*** Exercise material
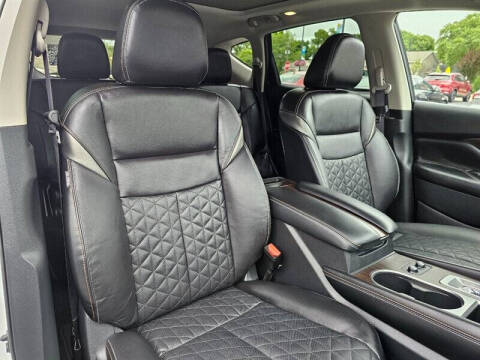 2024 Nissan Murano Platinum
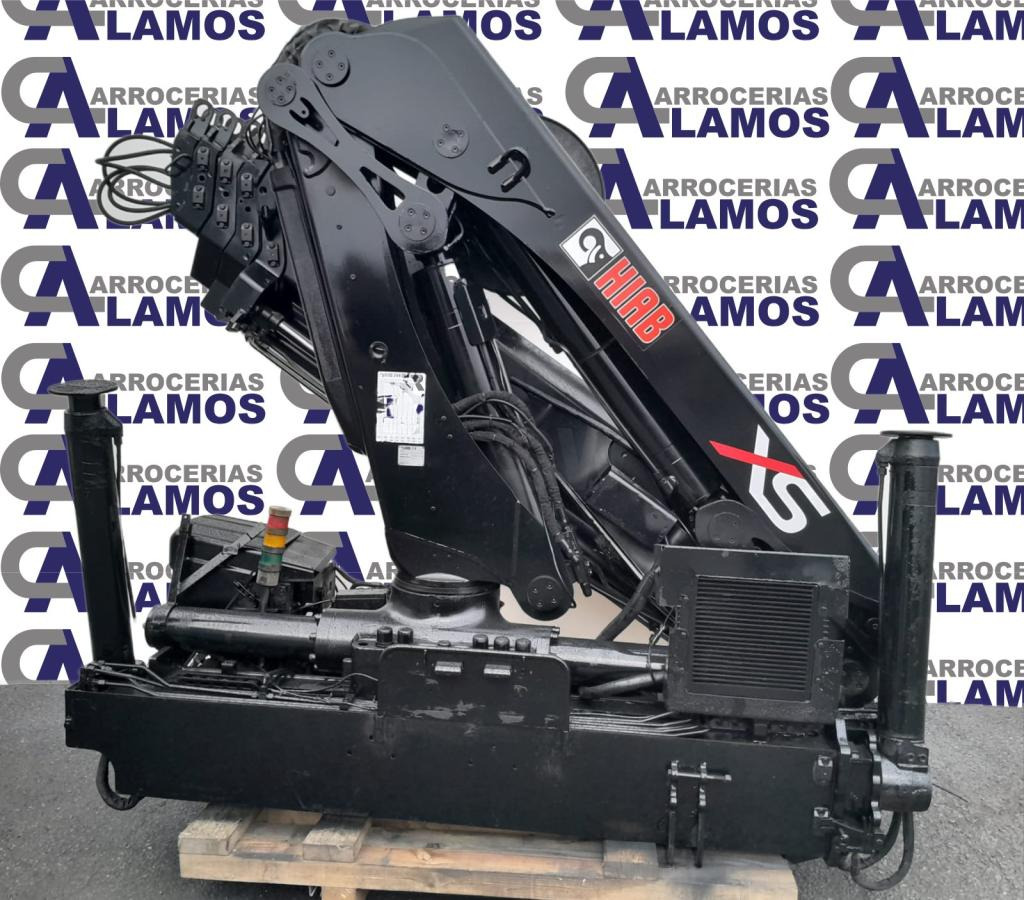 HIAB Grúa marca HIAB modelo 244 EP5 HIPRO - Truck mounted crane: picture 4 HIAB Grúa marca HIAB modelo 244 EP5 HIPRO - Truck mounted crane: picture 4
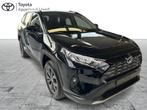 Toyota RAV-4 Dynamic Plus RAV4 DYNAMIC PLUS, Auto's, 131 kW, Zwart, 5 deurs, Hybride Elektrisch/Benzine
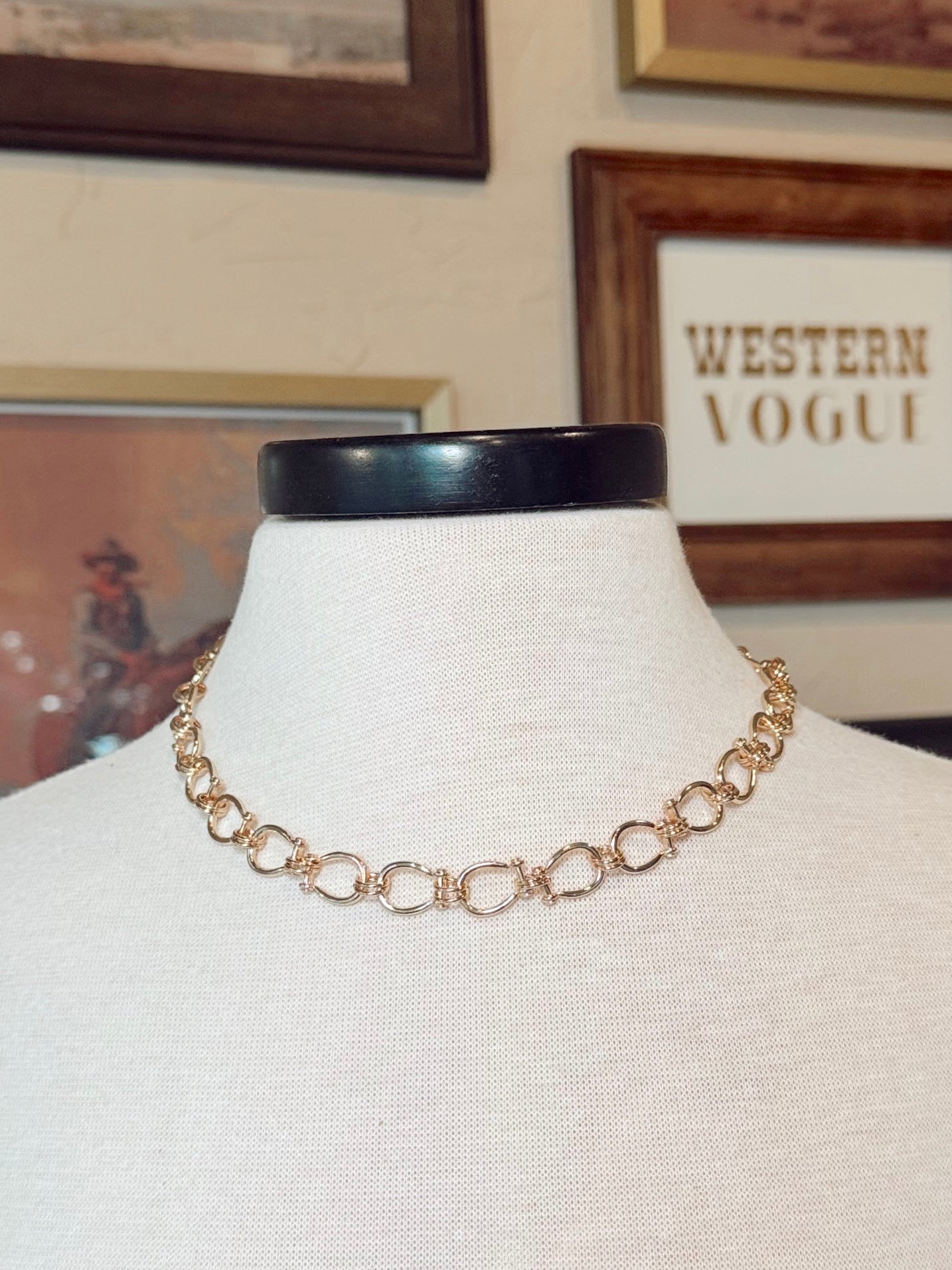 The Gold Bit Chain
******
*** Exercise material
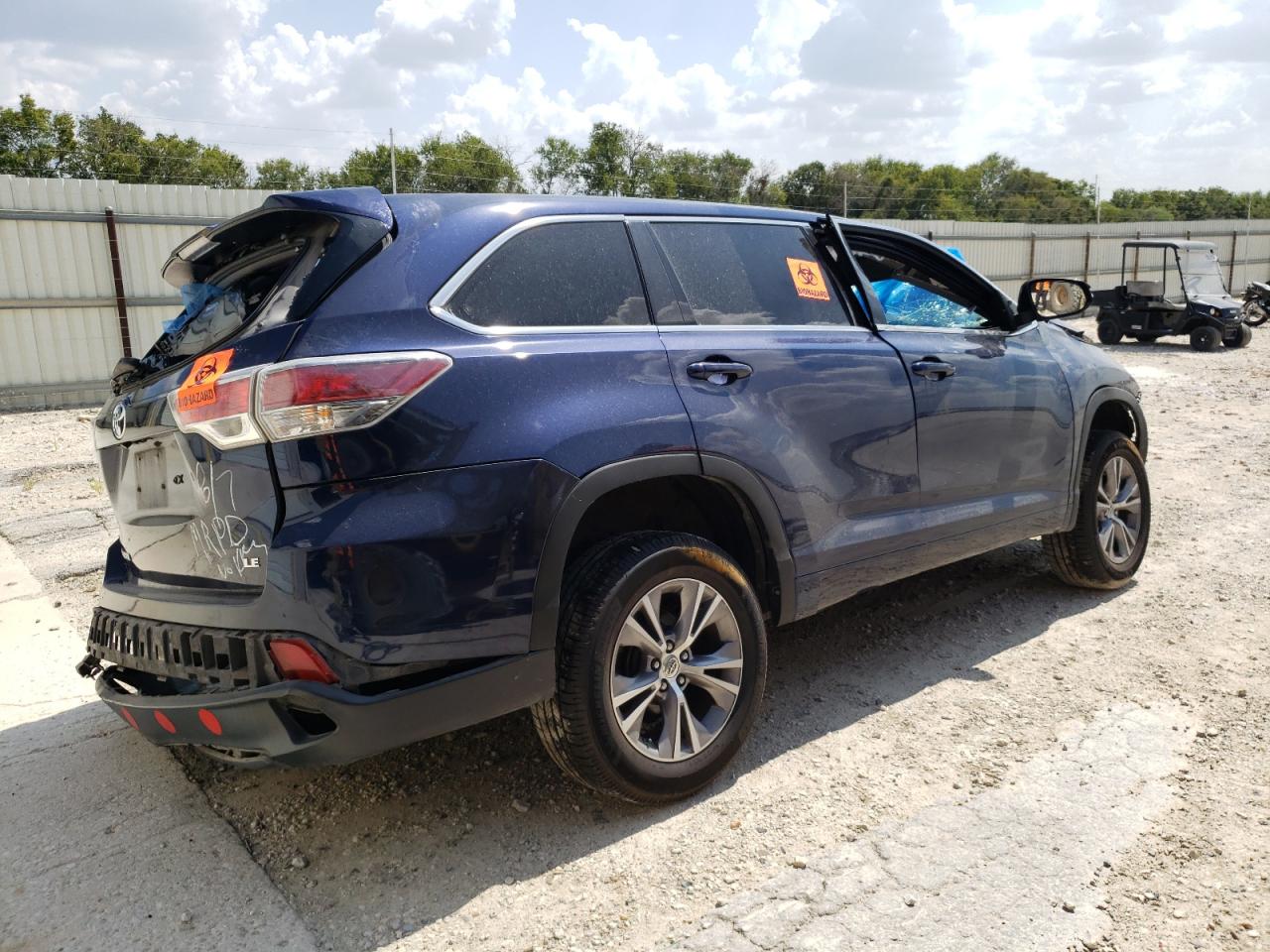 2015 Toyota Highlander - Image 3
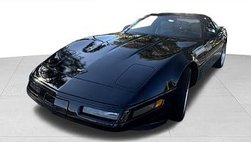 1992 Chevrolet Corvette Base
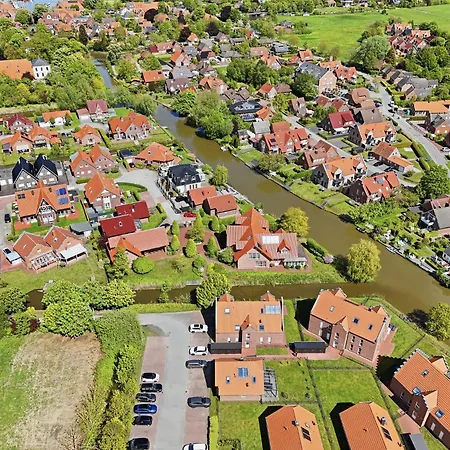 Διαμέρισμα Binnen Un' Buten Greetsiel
******
▶ [To do] Above this task is a listing with pictures in it. Retype only the lines from the one containing "1992 Chevrolet Corvette Base" through the one containing "Διαμέρισμα Binnen Un' Buten Greetsiel", both included, and not the pictures.

▶ [Output for this exercise]
 1992 Chevrolet Corvette Base
 Διαμέρισμα Binnen Un' Buten Greetsiel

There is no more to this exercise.